Everybody likes to tell you which fantasy football players to add, but hardly anyone wants to help you with the hard, sad decision: which fantasy football players to drop. Not me, call me Jeffrey Scissorhands because I’m ready to slice and dice your overgrown hedge of a roster into a beautiful topiary. To make this article of fantasy football drop candidates, a player needed at least 40% rostership in Yahoo! Fantasy Football leagues. If you drafted someone deeper than what is listed here (like, say, Bryan Edwards at 26% rostered), look inside your soul and decide what to do.
Quarterback Fantasy Football Drop Candidates (1QB leagues only)
Carson Wentz, Philadelphia Eagles (93% rostered)
Yeah. He might be your starting QB, but this isn’t crazy. His wide receivers are a mess, yet again, his running backs are a mess, yet again, and this time, his offensive line is also a mess! Wentz was harried all day Sunday, suffering eight sacks at the hands of Chase Young and the new-look Washington defensive line. He mustered 270 passing yards, two touchdowns, and two picks to scrape out a respectable 15 fantasy points.

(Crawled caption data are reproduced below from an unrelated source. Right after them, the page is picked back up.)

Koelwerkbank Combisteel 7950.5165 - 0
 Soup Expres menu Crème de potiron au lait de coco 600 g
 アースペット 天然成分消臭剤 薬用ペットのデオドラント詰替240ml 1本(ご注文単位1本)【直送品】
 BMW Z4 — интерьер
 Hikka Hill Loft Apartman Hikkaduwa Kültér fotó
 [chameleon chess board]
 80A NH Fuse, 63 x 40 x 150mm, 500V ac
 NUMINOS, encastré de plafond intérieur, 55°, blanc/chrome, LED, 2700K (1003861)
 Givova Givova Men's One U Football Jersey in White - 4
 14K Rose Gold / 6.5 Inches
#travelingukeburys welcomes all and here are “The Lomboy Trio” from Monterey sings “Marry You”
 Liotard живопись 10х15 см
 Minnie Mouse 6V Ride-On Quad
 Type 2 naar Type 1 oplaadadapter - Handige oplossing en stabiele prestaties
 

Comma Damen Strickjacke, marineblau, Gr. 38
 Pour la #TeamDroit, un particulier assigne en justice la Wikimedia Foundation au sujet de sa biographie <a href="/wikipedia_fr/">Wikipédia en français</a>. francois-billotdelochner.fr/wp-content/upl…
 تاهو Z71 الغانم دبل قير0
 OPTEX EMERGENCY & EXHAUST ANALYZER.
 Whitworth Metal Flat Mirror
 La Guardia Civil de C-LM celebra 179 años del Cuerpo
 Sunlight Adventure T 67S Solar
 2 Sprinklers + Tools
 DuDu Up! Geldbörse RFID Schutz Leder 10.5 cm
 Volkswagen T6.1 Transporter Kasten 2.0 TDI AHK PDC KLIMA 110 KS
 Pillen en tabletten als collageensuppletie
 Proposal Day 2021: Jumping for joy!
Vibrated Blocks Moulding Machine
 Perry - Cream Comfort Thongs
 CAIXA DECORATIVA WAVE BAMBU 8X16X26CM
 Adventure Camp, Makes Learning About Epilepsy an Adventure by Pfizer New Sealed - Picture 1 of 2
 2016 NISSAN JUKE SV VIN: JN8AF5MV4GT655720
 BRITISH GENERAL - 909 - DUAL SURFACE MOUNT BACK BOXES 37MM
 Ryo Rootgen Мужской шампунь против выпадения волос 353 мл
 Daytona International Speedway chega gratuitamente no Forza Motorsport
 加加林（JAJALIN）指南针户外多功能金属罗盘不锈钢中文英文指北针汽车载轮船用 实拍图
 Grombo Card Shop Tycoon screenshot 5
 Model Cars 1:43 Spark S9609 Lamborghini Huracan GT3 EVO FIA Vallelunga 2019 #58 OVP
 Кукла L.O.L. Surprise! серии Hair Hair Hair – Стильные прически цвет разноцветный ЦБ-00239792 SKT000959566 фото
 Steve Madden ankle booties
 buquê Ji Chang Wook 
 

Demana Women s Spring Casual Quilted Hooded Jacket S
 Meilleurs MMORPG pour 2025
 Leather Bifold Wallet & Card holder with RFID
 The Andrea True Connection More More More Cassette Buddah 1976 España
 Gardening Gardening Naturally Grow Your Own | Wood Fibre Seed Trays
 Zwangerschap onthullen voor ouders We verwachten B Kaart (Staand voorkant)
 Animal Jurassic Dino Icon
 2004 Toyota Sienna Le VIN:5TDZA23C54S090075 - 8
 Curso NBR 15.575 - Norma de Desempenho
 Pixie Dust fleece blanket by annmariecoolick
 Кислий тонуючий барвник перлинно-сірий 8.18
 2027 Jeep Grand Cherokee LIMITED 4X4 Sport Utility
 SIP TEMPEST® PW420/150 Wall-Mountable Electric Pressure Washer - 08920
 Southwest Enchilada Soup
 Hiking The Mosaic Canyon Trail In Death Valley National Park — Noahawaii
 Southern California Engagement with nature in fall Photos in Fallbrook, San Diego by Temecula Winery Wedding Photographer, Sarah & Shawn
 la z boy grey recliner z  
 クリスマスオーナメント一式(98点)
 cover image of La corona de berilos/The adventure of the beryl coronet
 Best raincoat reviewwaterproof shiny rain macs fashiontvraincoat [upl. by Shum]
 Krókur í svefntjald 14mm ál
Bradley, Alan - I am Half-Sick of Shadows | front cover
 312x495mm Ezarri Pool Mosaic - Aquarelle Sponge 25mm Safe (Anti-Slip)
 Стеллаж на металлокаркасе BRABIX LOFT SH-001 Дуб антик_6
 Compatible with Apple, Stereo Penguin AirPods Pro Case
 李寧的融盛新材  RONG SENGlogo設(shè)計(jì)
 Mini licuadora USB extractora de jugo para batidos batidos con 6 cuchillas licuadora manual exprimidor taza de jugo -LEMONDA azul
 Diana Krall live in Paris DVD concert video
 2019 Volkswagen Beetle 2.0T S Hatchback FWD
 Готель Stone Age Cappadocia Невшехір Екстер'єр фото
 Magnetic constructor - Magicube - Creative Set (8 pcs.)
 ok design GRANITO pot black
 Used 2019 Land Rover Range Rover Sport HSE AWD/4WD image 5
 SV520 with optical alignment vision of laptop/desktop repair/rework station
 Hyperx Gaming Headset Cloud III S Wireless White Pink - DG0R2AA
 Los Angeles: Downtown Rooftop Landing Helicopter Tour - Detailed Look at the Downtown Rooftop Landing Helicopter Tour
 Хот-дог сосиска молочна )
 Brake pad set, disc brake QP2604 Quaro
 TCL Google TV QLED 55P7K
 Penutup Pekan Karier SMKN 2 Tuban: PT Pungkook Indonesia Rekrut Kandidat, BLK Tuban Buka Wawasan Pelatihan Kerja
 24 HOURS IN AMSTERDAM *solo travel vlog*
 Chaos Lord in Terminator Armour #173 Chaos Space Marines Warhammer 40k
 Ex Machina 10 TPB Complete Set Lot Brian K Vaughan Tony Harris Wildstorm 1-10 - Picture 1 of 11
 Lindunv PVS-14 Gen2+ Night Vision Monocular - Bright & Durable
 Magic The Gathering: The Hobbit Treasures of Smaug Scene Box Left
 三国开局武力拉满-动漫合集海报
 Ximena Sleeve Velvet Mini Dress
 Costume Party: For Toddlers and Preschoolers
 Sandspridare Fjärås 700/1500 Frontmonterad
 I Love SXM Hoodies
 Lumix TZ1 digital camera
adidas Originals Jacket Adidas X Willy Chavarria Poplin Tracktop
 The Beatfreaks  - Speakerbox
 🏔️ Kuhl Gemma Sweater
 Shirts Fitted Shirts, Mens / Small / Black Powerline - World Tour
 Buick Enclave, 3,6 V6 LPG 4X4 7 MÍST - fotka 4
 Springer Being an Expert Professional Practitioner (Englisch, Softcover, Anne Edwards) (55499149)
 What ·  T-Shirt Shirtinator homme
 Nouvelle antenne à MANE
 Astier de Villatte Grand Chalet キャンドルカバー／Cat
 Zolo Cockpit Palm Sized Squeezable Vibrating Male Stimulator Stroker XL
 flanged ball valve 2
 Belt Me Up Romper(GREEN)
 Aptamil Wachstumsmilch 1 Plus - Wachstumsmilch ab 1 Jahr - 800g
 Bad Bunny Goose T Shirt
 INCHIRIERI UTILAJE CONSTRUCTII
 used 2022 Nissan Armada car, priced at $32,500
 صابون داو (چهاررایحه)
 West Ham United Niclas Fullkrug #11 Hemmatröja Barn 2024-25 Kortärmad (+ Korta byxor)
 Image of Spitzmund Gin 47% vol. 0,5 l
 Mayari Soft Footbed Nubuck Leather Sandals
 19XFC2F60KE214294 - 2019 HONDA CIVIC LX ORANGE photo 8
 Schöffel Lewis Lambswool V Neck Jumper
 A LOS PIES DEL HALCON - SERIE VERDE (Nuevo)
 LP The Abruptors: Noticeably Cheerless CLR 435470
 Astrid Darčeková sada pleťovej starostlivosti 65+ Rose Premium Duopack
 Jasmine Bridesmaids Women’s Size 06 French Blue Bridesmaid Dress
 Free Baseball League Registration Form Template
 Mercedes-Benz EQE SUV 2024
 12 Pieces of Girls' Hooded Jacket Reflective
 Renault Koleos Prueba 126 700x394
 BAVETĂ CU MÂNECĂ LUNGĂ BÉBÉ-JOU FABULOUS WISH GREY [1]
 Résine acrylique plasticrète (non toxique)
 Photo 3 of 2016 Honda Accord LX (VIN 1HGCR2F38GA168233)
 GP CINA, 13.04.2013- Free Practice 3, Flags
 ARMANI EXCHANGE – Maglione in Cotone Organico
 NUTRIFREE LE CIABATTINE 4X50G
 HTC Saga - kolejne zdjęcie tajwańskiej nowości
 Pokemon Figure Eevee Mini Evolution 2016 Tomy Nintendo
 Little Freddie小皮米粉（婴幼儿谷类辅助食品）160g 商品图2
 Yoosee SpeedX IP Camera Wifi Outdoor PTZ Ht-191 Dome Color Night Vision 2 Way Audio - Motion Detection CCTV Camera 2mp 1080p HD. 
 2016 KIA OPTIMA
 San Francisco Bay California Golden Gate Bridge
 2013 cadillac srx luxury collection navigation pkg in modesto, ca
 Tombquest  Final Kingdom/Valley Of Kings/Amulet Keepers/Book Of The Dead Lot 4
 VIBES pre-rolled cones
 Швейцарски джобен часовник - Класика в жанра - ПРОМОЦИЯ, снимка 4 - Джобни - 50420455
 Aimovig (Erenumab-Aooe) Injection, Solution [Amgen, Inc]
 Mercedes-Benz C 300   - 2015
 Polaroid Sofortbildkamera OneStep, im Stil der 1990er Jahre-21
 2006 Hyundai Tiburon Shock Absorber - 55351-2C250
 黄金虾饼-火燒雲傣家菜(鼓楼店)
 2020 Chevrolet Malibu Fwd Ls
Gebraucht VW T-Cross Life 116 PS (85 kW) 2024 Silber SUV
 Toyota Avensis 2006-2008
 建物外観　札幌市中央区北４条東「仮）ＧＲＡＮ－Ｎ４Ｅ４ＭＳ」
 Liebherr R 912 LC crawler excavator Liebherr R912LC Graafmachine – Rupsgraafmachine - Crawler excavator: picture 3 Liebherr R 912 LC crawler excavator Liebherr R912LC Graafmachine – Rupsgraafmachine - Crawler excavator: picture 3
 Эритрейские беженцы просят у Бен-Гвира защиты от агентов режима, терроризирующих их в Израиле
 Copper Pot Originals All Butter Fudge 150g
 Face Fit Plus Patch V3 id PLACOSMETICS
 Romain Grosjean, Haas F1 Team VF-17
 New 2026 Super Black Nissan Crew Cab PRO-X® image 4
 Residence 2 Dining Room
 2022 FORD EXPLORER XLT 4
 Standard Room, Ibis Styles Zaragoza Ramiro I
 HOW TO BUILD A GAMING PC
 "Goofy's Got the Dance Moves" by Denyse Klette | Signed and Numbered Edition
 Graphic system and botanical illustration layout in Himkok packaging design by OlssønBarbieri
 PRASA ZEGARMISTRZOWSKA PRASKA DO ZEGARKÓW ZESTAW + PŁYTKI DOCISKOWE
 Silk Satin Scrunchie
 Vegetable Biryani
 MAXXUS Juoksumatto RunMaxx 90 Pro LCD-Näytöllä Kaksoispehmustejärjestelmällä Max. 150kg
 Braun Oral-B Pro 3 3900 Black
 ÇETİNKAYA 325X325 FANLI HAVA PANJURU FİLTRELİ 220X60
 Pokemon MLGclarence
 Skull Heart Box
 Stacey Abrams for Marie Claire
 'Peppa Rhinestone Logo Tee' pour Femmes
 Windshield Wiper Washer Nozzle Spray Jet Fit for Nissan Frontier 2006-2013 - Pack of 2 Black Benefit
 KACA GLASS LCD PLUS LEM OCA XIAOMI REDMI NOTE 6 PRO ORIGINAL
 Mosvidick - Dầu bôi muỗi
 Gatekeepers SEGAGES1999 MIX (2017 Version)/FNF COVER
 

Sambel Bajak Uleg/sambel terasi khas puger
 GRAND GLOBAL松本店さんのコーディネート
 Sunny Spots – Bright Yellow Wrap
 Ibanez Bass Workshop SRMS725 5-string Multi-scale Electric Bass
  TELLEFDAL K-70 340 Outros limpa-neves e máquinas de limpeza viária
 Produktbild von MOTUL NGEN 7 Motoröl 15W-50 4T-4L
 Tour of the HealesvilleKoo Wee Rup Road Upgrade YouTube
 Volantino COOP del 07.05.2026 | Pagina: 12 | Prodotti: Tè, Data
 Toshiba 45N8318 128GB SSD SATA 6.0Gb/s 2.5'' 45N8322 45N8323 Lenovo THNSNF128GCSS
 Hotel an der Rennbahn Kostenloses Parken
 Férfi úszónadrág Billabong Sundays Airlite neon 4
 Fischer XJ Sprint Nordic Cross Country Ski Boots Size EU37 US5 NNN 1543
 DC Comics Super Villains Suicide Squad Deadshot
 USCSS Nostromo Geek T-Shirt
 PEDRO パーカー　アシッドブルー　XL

And now the bad news: that beleaguered offensive line gets Aaron Donald this week (L.A. Rams), Geno Atkins next week (Cincy), and Nick Bosa (San Francisco) the following week. After that, things definitely don’t let up with back-to-back dates with the AFC North in Pittsburgh and home against Baltimore. Wentz is going to run for his life and is a backend QB1 at best until week seven.
Jared Goff, L.A. Rams (67% owned)
The Rams-Cowboys game was supposed to turn into a shootout, and not whatever it was we sat through on Sunday Night Football. I think dropping Jared Goff might be a bit reactionary, but he’s not a roster priority in anything shallower than fourteen teams. Dump him in your 12-team and 10-team leagues. He game managed the snot out of the Rams but ended with just 275 passing yards and an interception. Luckily, he kicked in 15 rushing yards to buoy his floor.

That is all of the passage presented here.